Diamondback Sidekick

In keeping with the phrase “what is old is new again,” we have the Diamondback Sidekick. The Sidekick is a double-action .22 revolver is a reincarnation of the old High Standard Double Nine. Styling is reminiscent of a single-action like the Wrangler, but you won’t have to cock the hammer if you don’t want to. The Sidekick is equipped with fixed sights and comes with a .22 Magnum cylinder that can be quickly swapped with the .22 LR cylinder.

Buffalo Outdoors does a great range review in this pistol.

Ruger Single-Seven .327 Federal

I hesitate to include this pistol because it is much heavier (6-12 ounces more) than the other models discussed and more expensive. Chambered in the underrated .327 Federal, the Single-Seven is a powerhouse in a rimfire-sized package.

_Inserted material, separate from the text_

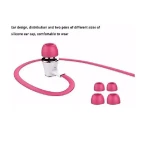 LDNIO Langsdom JM21 Earbuds Super Bass 3.5mm Stereo Earphones with Built In Microphone Red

And if you are aiming to put a pig in the pot, it will do it. The Single-Seven can also shoot .32 S&W, .32 S&W Long, and .32 H&R Magnum. None of these rounds are super common but usually can still found on the shelf after people have panic-bought the more common calibers.

Other Thoughts

I did not mention “tactical plinkers” like the Walther P22 or its twin, the Ruger SR22, But I probably should have. These compact .22 semiautos are reliable, lightweight pistols and a joy to carry on the hip. The sights did not work well for me at 25 yards. However, at closer range (10-15 yards), I achieved groups with mine where I felt ethical shooting at game. Your results may vary. Practice and know your limitations.

Final Thoughts

Carrying a gun as part of your outdoor kit can allow one to stay out in the woods or on the trail as long as game and ammo are available. The kit gun is not as commonplace a concept as it used to be, but it can add a layer of practicality and nostalgia to an extended hike or camping trip. Have fun!